Using car parks means the driver gets no chance to justify themselves also the Garda will probably use the car registration database as the fine address, so anyone who's moved and not updated their address since buying their car isn't going to receive the fine.

Unless they attach a notice to the car on the spot - which I don't think they do - then the evildoer has no way of knowing a fine is due. The fines often get misdirected, the summons will eventually find it's way.

So it's much more likely to turn into a summons with all the expense and time wasting of a court appearance. Chances are quite high that any money brought in via fines will be lost many times over with the wasting of workers time in the courtroom.

Also there's an official period, 9 days or something where drivers can have an out of date disc. There's no guarantee a garda in a carpark to use this leniency as many will expect people who receive a fine out of the blue to just pay it regardless of valid excuses.


----------



## Moral Ethos (3 Jun 2010)

There is no grace period.


----------



## starlite68 (3 Jun 2010)

Moral Ethos said:


> There is no grace period.


 not totally sure...but i think there is a grace period.


----------



## micmclo (3 Jun 2010)

There is zero grace so once the tax expires you're un-taxed. The 1 month grace mentioned on the renewal form refers exclusively to paying arrears. If you pay the tax within the month following expiry you won't be charged arrears


----------



## lightswitch (3 Jun 2010)

There is a grace period, if not in theory, its certainly applied in practice.  I would be one of those people that lets their car tax slip from time to time.  Before anyone goes mad, I pay my arrears

According to the Gardai that have stopped me (several times I might add) they can take the car off you once you have gone over 3 months.  You can also pay your arrears, up to 3 months on line.  

The last Garda that stopped me when my car was well over due its tax told me to get it taxed straight away as I would only be getting hassle from people like him if I didn't.  It was a really nice approach particularly as they had a lifting lorry on the side of the road and could easily have taken it.  Little gestures like this imo make for excellent Garda / Public relations.  I was actually so impressed that I have made an extra effort since to keep it taxed up to date since.

Moral of the story, be nice to the Gardai and they will, in my experience be nice back to you.  They have a very difficult job to do.  Giving out tickets in car parks (and I do understand it is a public place) will only increase the amount of bad feeling towards them.  

Where abouts was this car park located OP?


----------



## Moral Ethos (3 Jun 2010)

Once your tax is out 60 days, you will be walking home. 

Pay your dues people and quit moaning.


----------



## csirl (3 Jun 2010)

> Using car parks means the driver gets no chance to justify themselves also the Garda will probably use the car registration database as the fine address, so anyone who's moved and not updated their address since buying their car isn't going to receive the fine.


 
The Gardai have access to the car tax database and so know who has/hasnt paid their tax regardless of whether the disc is on display.

Even so, its an offence not to display tax a tax disc even if your tax is up to date.


----------



## starlite68 (3 Jun 2010)

Moral Ethos said:


> Once your tax is out 60 days, you will be walking home.
> 
> Pay your dues people and quit moaning.


 i think its in fact 90 days...and as for walking home....that would be up to the garda on the day!


----------



## Moral Ethos (3 Jun 2010)

Nope.
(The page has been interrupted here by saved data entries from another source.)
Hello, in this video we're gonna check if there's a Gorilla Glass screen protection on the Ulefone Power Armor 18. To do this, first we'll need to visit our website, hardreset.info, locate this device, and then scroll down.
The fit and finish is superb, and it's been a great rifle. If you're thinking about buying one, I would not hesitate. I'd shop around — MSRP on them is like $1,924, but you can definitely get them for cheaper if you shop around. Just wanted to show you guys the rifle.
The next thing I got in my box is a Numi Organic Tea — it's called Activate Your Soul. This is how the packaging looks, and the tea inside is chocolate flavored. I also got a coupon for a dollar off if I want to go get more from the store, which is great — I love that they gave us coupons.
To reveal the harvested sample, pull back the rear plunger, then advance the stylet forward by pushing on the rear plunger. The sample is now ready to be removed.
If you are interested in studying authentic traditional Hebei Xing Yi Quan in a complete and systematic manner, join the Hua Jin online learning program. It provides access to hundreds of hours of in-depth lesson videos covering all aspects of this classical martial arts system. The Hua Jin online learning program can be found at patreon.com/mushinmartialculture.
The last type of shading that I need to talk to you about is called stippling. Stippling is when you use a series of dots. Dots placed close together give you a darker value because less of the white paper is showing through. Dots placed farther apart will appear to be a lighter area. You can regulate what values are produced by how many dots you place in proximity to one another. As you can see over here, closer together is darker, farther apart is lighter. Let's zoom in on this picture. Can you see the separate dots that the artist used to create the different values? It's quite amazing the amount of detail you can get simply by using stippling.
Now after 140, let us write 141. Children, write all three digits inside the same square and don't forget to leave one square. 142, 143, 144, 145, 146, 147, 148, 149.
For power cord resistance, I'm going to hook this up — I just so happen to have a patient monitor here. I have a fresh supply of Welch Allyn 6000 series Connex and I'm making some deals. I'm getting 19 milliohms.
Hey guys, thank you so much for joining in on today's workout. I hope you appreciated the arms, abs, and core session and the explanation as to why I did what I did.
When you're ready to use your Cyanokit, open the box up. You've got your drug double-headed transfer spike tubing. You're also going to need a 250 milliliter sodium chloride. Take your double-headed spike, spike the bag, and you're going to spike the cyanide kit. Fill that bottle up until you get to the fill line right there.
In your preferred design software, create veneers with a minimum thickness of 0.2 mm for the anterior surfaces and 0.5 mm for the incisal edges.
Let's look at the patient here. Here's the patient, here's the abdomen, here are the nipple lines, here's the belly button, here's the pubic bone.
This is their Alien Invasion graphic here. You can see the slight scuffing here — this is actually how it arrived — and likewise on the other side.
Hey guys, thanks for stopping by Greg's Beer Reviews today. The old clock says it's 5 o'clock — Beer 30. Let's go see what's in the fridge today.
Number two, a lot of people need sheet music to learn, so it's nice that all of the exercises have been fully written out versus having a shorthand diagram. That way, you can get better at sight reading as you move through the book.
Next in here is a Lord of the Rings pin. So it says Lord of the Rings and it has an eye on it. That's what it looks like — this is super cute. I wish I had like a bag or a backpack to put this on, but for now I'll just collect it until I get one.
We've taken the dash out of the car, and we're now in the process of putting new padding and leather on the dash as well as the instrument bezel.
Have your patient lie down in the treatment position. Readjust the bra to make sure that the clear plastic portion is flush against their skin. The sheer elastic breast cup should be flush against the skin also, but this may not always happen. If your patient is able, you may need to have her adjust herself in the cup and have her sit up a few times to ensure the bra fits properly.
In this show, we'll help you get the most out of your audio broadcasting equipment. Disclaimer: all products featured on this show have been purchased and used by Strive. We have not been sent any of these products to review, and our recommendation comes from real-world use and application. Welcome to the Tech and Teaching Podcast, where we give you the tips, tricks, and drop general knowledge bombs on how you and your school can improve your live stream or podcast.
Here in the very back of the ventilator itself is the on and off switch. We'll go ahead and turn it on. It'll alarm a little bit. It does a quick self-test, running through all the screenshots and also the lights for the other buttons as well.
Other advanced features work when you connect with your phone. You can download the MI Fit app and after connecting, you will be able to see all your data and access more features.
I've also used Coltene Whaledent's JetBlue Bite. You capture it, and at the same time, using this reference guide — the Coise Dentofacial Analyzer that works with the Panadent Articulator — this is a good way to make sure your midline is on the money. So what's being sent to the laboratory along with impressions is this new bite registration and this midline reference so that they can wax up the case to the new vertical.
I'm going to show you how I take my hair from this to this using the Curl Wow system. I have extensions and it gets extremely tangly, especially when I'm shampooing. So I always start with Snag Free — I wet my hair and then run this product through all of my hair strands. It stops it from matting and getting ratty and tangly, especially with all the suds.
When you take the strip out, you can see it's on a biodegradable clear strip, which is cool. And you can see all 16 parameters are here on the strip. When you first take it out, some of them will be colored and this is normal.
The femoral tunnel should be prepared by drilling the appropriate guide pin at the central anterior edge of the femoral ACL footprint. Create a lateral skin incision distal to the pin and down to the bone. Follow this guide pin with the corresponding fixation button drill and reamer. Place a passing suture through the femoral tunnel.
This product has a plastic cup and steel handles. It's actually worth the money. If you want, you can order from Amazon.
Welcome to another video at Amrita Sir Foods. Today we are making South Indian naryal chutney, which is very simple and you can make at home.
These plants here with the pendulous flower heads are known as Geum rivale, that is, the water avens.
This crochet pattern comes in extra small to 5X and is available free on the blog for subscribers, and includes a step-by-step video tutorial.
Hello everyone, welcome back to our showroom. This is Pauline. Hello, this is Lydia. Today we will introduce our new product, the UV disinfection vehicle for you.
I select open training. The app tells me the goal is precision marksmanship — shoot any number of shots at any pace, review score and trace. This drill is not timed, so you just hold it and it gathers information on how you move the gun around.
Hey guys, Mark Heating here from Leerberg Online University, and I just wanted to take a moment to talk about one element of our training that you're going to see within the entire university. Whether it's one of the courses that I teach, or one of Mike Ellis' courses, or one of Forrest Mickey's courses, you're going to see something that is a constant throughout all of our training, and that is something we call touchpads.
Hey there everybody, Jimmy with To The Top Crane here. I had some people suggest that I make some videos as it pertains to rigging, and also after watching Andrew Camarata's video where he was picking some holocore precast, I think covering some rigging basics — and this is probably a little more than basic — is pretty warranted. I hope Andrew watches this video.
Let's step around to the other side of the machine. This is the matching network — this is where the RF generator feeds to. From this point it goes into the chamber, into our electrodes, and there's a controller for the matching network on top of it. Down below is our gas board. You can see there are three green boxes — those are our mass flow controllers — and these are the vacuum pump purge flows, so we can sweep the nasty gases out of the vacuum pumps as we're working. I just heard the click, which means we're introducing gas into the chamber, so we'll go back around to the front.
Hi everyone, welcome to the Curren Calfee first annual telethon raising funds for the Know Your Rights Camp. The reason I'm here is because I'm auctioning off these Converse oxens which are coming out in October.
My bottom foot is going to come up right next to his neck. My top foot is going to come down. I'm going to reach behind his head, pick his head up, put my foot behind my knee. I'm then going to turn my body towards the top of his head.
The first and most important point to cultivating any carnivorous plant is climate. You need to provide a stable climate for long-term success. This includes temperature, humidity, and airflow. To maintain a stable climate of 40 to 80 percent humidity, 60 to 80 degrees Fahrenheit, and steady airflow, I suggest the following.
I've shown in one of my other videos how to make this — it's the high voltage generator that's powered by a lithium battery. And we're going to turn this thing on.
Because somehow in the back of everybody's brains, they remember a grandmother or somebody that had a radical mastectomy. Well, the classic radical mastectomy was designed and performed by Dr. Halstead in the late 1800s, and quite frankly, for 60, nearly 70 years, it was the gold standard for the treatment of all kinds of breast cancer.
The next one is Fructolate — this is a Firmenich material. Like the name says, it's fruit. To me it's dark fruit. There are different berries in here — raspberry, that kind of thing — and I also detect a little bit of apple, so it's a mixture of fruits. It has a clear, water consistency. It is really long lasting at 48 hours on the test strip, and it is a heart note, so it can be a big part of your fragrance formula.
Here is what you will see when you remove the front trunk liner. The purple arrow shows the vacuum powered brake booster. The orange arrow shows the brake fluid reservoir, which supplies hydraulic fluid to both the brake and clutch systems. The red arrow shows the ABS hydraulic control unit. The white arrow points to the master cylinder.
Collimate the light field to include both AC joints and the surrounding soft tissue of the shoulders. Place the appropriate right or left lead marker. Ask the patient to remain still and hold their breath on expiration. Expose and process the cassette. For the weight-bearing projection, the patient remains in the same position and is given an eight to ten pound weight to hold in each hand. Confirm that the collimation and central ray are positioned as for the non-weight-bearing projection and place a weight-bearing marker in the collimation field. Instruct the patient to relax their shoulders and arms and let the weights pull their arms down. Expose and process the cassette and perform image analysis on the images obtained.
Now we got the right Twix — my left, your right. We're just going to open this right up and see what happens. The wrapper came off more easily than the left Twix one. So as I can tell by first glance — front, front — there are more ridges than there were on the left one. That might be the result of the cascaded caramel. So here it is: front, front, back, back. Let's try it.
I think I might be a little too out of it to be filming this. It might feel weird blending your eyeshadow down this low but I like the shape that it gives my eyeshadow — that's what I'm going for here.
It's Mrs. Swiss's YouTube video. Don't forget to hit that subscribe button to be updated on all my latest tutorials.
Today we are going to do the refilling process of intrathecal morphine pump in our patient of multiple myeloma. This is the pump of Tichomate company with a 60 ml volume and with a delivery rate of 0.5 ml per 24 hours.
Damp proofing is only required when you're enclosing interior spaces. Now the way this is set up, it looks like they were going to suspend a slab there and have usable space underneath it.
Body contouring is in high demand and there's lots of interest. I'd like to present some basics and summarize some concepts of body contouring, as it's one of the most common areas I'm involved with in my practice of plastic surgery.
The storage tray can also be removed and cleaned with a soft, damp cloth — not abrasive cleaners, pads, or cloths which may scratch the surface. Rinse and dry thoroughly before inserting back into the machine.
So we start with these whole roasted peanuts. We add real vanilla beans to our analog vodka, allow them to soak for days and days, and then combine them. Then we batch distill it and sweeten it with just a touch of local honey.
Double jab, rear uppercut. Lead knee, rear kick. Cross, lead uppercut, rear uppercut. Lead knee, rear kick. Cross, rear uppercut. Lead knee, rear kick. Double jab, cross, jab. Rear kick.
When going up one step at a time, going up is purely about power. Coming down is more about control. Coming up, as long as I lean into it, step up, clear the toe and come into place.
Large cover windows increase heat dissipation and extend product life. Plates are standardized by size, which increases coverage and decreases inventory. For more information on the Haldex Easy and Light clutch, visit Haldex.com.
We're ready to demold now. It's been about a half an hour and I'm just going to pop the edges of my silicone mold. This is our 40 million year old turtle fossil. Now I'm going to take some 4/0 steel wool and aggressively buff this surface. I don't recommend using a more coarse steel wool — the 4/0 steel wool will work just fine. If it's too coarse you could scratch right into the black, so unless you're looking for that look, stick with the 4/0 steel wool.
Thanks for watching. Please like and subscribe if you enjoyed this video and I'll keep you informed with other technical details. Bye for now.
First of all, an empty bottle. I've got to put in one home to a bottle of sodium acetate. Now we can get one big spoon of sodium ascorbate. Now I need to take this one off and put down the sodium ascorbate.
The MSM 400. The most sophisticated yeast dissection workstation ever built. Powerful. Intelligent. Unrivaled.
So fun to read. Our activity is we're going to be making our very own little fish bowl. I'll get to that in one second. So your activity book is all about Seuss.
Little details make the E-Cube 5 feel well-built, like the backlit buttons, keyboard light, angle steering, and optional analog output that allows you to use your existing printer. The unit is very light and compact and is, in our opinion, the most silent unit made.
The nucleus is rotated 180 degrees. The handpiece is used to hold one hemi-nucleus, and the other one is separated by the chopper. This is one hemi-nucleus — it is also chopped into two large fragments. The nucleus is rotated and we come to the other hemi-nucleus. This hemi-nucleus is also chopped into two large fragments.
The law was amended. 60 days is limit.


----------



## starlite68 (3 Jun 2010)

in that case i guess its only a matter of time before some pen pushing bright spark amendes it down to 30 days.


----------



## Moral Ethos (3 Jun 2010)

Yep. That is for certain.


----------



## Rois (4 Jun 2010)

Perhaps this is why they didn't want to appear on Primetime:

http://www.tribune.ie/news/home-new...porn-garda-is-still-serving-after-seven-year/


----------



## starlite68 (5 Jun 2010)

noting new there then!!


----------